ASSIGNMENT:
Copy out the data that follows exactly, leaving out no line.

*-*-*

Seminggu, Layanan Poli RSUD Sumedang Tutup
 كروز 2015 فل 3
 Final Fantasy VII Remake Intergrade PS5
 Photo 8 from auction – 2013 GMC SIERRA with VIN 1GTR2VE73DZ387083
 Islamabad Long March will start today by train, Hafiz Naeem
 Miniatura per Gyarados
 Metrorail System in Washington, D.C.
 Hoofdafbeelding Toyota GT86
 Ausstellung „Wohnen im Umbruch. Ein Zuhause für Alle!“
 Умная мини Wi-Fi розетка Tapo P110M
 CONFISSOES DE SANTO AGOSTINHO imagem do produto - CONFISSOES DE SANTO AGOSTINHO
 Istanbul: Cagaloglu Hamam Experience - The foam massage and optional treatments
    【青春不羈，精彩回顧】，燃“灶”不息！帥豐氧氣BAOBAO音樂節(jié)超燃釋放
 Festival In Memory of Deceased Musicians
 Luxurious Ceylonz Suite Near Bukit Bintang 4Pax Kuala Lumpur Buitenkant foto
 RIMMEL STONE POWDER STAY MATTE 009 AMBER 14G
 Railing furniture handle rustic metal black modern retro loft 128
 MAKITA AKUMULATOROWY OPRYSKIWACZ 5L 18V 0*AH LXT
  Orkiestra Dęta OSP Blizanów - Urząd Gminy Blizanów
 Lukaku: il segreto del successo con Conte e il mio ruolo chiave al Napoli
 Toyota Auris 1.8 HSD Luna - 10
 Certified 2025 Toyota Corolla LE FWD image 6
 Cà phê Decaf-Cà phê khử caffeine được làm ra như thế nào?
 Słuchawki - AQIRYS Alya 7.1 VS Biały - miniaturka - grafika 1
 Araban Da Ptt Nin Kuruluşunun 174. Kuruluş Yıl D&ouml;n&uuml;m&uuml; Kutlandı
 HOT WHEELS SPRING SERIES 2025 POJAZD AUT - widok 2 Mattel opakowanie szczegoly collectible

*-*-*

RESULT OF THIS TASK:
Seminggu, Layanan Poli RSUD Sumedang Tutup
 كروز 2015 فل 3
 Final Fantasy VII Remake Intergrade PS5
 Photo 8 from auction – 2013 GMC SIERRA with VIN 1GTR2VE73DZ387083
 Islamabad Long March will start today by train, Hafiz Naeem
 Miniatura per Gyarados
 Metrorail System in Washington, D.C.
 Hoofdafbeelding Toyota GT86
 Ausstellung „Wohnen im Umbruch. Ein Zuhause für Alle!“
 Умная мини Wi-Fi розетка Tapo P110M
 CONFISSOES DE SANTO AGOSTINHO imagem do produto - CONFISSOES DE SANTO AGOSTINHO
 Istanbul: Cagaloglu Hamam Experience - The foam massage and optional treatments
    【青春不羈，精彩回顧】，燃“灶”不息！帥豐氧氣BAOBAO音樂節(jié)超燃釋放
 Festival In Memory of Deceased Musicians
 Luxurious Ceylonz Suite Near Bukit Bintang 4Pax Kuala Lumpur Buitenkant foto
 RIMMEL STONE POWDER STAY MATTE 009 AMBER 14G
 Railing furniture handle rustic metal black modern retro loft 128
 MAKITA AKUMULATOROWY OPRYSKIWACZ 5L 18V 0*AH LXT
  Orkiestra Dęta OSP Blizanów - Urząd Gminy Blizanów
 Lukaku: il segreto del successo con Conte e il mio ruolo chiave al Napoli
 Toyota Auris 1.8 HSD Luna - 10
 Certified 2025 Toyota Corolla LE FWD image 6
 Cà phê Decaf-Cà phê khử caffeine được làm ra như thế nào?
 Słuchawki - AQIRYS Alya 7.1 VS Biały - miniaturka - grafika 1
 Araban Da Ptt Nin Kuruluşunun 174. Kuruluş Yıl D&ouml;n&uuml;m&uuml; Kutlandı
 HOT WHEELS SPRING SERIES 2025 POJAZD AUT - widok 2 Mattel opakowanie szczegoly collectible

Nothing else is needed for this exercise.